Atlantic Yards plan for luxury gym raises questions
An elected official is crying foul about a plan to build a 100,000-square-foot fitness center and field house at Atlantic Yards/Pacific Park.
State Assemblymember Jo Anne Simon told the Brooklyn Eagle that Empire State Development, which oversees the mammoth property, should do an environmental review of the proposed sports facility to gauge its impact on the neighborhood.
At an Atlantic Yards Quality of Life meeting Simon attended on Tuesday, an ESD rep said changing Atlantic Yards/Pacific Park’s site plan to allow for the gym’s construction in the basements of two as yet unbuilt towers would constitute a “minor modification,” and therefore it would not require a review.
“We understand it’s likely to be a Chelsea Piers or an Equinox. We don’t know who the provider is. Nobody’s telling anybody,” Simon said in an interview.
She expects the facility will draw lots of people who don’t live in Atlantic Yards/Pacific Park.
There will be “people arriving. People leaving. People taking bikes there. People driving there. People pulling over. And people getting out of cars. People getting into cars. Whatever. That needs to be assessed,” she said.
“So we’ve been told that the consultant has looked at these things and said it doesn’t need an environmental assessment. But we haven’t been told what the assessment was. All we were told is that they want to do this and it’s below ground — as if being below ground means it has no impact,” she added. “I think that most of us don’t object per se to a sports facility. We just want to know what are those impacts. And I don’t want to be told there’s no impact when I’m not stupid.”
‘A sense of shock’
Another point of controversy concerning the proposed fitness center is an Atlantic Yards Community Development Corp. vote that’s been scheduled for July 22 — just six days after the first announcement of the construction plan.

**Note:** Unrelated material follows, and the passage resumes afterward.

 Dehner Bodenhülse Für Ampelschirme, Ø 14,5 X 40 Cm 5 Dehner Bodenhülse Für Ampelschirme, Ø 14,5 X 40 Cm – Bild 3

“I’m hearing from people a sense of shock at how fast this is moving,” Community Board 2 District Manager Robert Perris told the Eagle.
Perris noted the 100,000-square-foot gym project was initially presented to the public during the summer, while community boards are on recess.
“The accusation is often made about controversial land-use items that they either come during the summer, or at Thanksgiving and Christmas,” he said.
As of Tuesday night, Atlantic Yards Community Development Corp. board members hadn’t been given packages of materials about the fitness center — or the seven other issues they’ll also be called to vote upon, CB2 member Dwight Smith told the Eagle.
There’s a concern that the board won’t have enough time to prep for the vote and will wind up “rubber-stamping” the measures they’re supposed to pass judgment on, Smith said.
A ‘hamstrung’ board
On past occasions, too, “this independent board has been hamstrung in its oversight ability by the way the materials were delivered at the last minute,” he said.
Norman Oder’s watchdog blog Atlantic Yards Report was the first media outlet with the news about the proposed 100,000-square foot fitness center and field house and the July 22 vote.
The athletic facility would be located at Atlantic Yards/Pacific Park’s sites B12 and B13 on Dean Street, Oder’s report said. TF Cornerstone is the developer of these sites.
Jack Sterne, Empire State Development’s downstate press secretary, told the Eagle in a statement, “We are not expanding the size of this project.
“This modification will clarify a section of the [Atlantic Yards/Pacific Park] General Project Plan to allow the developer to create a field house and fitness center in the basement of two buildings, providing an amenity for residents and the community at large,” Sterne said.
Annual membership rates for Chelsea Piers and Equinox, the two gyms most likely to become the new tenant, are $2,100 and $2,640, respectively.
As the General Project Plan now stands, it neither allows nor forbids below-grade retail. It does allow retail space to be created on buildings’ first floors.
Sterne said ESD “look[s] forward to continuing this dialogue with members of the community and elected officials.”
Sterne did not answer a question from the Eagle about the fitness center vote being scheduled just six days after the plan to build it was first made public.
‘How can we work together?’
Simon wonders if TF Cornerstone wants to build the fitness center to generate cash for the development of sites B12 and B13.
The community wouldn’t object to this reason for constructing the sports facility if ESD were forthcoming about it, she said.
“If you would be honest and tell me what it is your problem is, like we need to have revenue here because this new developer can’t build this building without additional revenue. Okay, tell me that. I can understand that,” she said. “I have to assume that’s what’s going on.
“Okay, so then how can we work together to resolve that issue? Maybe I have a good idea about how to do it in a way that works for you and the community.”
A spokesperson for TF Cornerstone did not respond to a request for comment.
A portion of the Atlantic Yards/Pacific Park site falls within Simon’s Assembly District. Part of the development is in Assemblymember Walter Mosley’s district. State Sen. Velmanette Montgomery is involved as well.
Simon said she won’t take any action about the fitness center construction and the other items that will be up for a vote on July 22 without conferring with Mosley and Montgomery.
She said she will reach out to the two fellow elected officials and they will figure out their next steps.